**Task instructions**
Identify, in the records below, every line where the string "Image" appears, and copy each such line.

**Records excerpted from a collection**

+--

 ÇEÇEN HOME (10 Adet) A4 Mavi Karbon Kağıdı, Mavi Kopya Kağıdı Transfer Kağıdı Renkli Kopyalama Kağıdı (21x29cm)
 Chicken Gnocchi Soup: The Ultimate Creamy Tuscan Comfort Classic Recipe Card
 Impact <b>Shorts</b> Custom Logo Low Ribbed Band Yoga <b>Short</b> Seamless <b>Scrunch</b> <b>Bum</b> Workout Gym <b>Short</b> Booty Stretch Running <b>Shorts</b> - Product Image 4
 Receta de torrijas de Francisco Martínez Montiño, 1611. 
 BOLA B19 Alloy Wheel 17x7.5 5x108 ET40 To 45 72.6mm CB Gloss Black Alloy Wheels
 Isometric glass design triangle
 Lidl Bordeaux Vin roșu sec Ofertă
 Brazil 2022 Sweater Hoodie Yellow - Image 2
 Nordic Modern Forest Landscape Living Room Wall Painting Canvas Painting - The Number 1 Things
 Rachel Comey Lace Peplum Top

+--

**Solution for this exercise**
 Impact <b>Shorts</b> Custom Logo Low Ribbed Band Yoga <b>Short</b> Seamless <b>Scrunch</b> <b>Bum</b> Workout Gym <b>Short</b> Booty Stretch Running <b>Shorts</b> - Product Image 4
 Brazil 2022 Sweater Hoodie Yellow - Image 2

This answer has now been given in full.